─── Given records

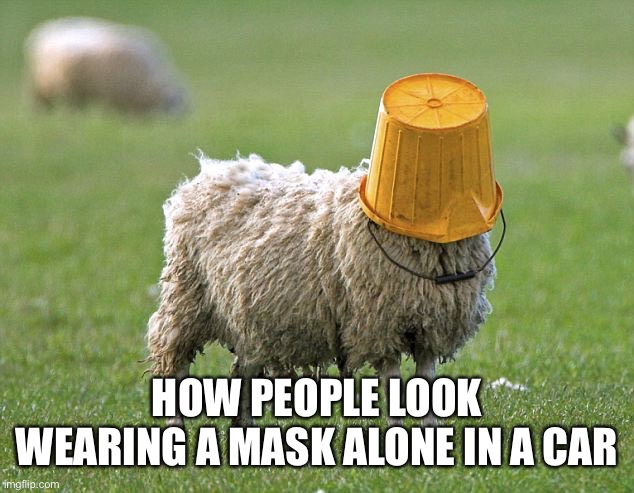 Bucket sheep | HOW PEOPLE LOOK WEARING A MASK ALONE IN A CAR | image tagged in stupid sheep,face mask,mask,coronavirus,stupid,common sense | made w/ Imgflip meme maker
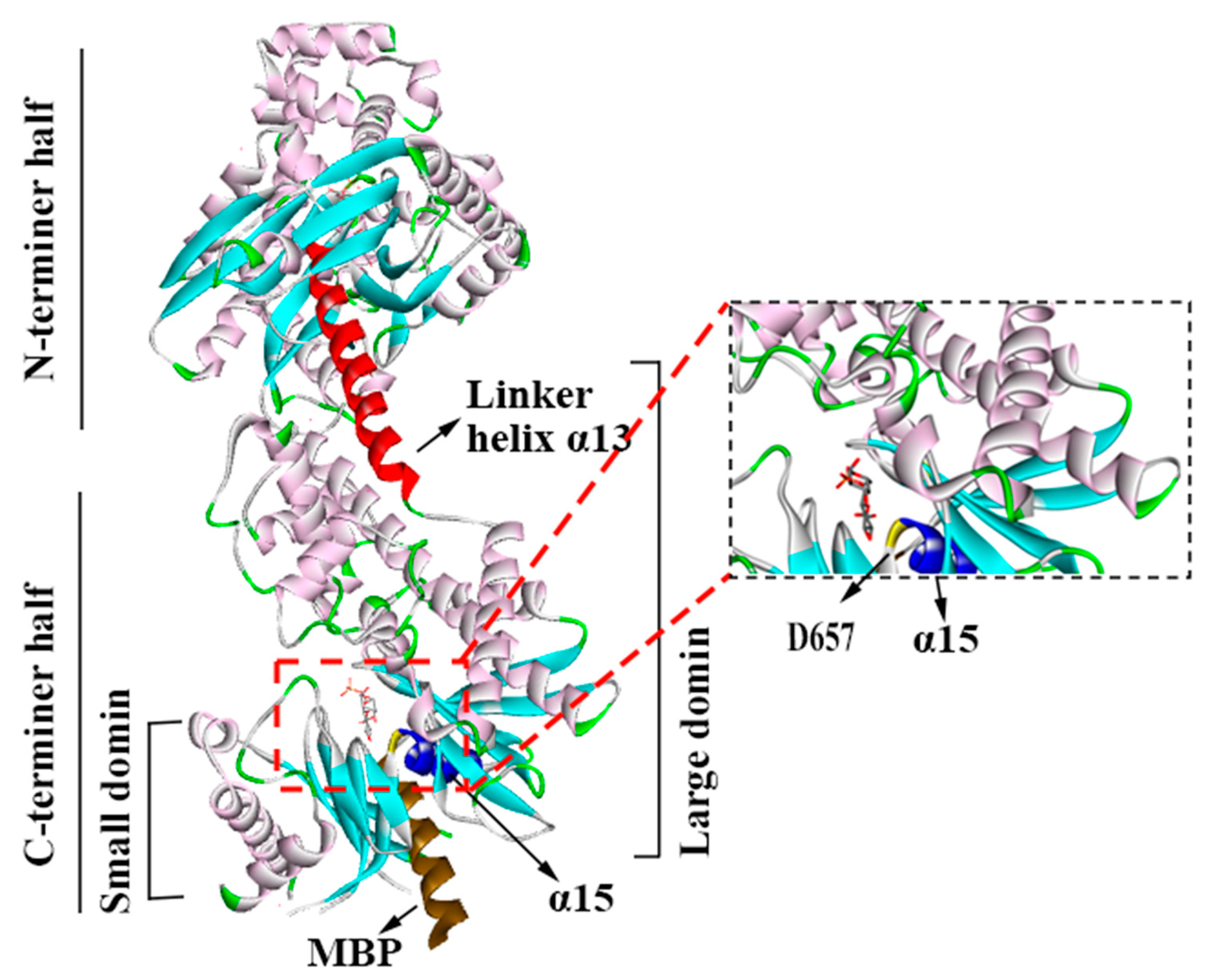 Molecules | Free Full-Text | The Promoting Role of HK II in Tumor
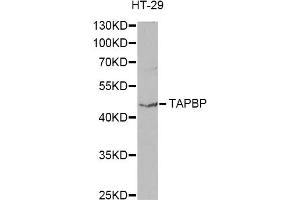 Western blot analysis of extracts of HT-29 cells, using TAPBP antibody. (TAPBP antibody)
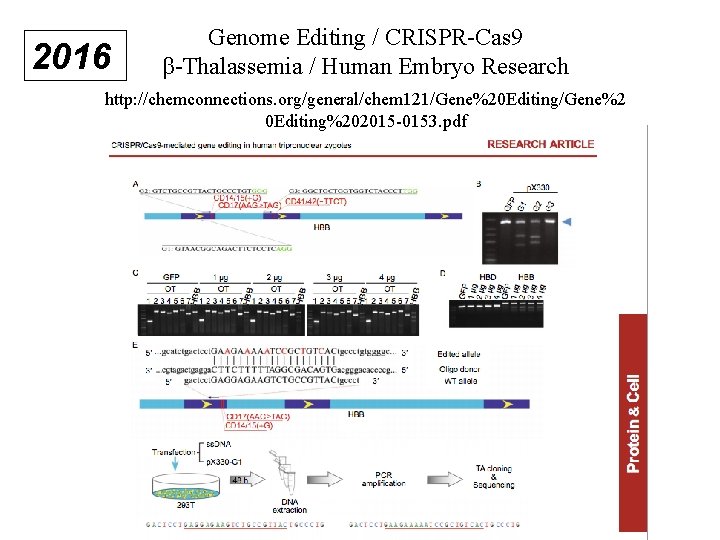 2016 Genome Editing / CRISPR-Cas 9 β-Thalassemia / Human Embryo Research http: //chemconnections. org/general/chem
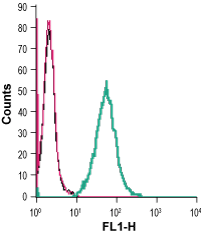 Cell surface detection of TREM2 in live intact mouse J774 macrophage cells:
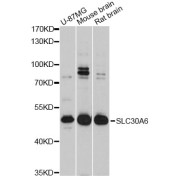 Western blot analysis of extracts of various cell lines, using SLC30A6 Antibody (abx126580) at 1:3000 dilution.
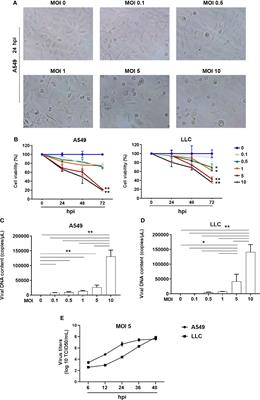 ORFV infection enhances CXCL16 secretion and causes oncolysis of lung cancer cells through immunogenic apoptosis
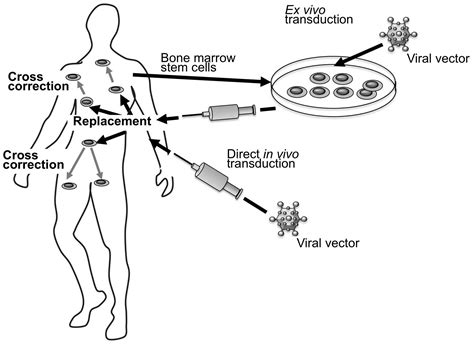 Pompe Disease Gene Therapy - Captions Pages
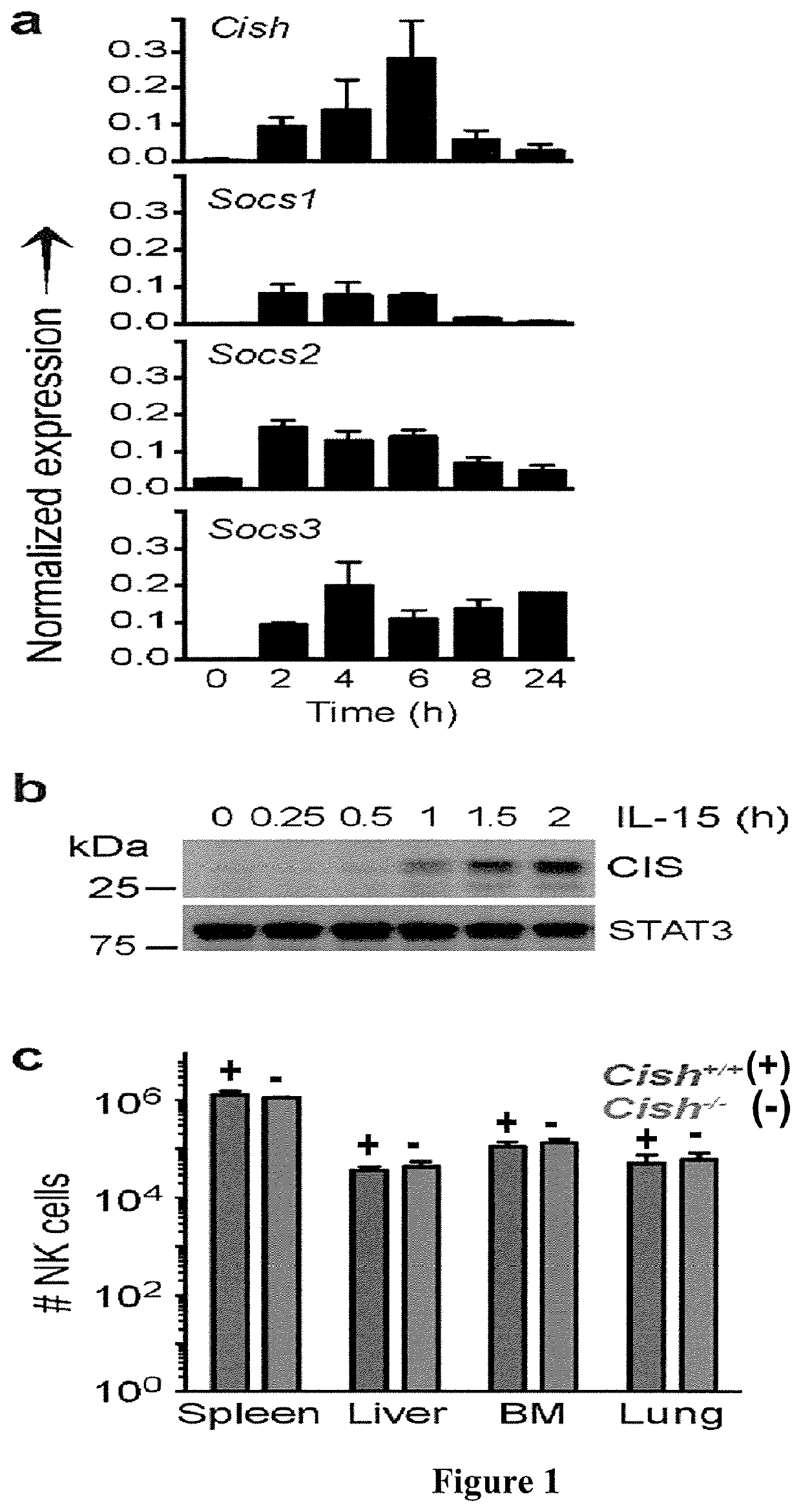 Inhibition of cytokine-induced SH2 protein in NK cells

──────

* Instructions to follow: Copy out each record shown above without alteration, skipping any picture.

* Response:
 Bucket sheep | HOW PEOPLE LOOK WEARING A MASK ALONE IN A CAR | image tagged in stupid sheep,face mask,mask,coronavirus,stupid,common sense | made w/ Imgflip meme maker
 Molecules | Free Full-Text | The Promoting Role of HK II in Tumor
 Western blot analysis of extracts of HT-29 cells, using TAPBP antibody. (TAPBP antibody)
 2016 Genome Editing / CRISPR-Cas 9 β-Thalassemia / Human Embryo Research http: //chemconnections. org/general/chem
 Cell surface detection of TREM2 in live intact mouse J774 macrophage cells:
 Western blot analysis of extracts of various cell lines, using SLC30A6 Antibody (abx126580) at 1:3000 dilution.
 ORFV infection enhances CXCL16 secretion and causes oncolysis of lung cancer cells through immunogenic apoptosis
 Pompe Disease Gene Therapy - Captions Pages
 Inhibition of cytokine-induced SH2 protein in NK cells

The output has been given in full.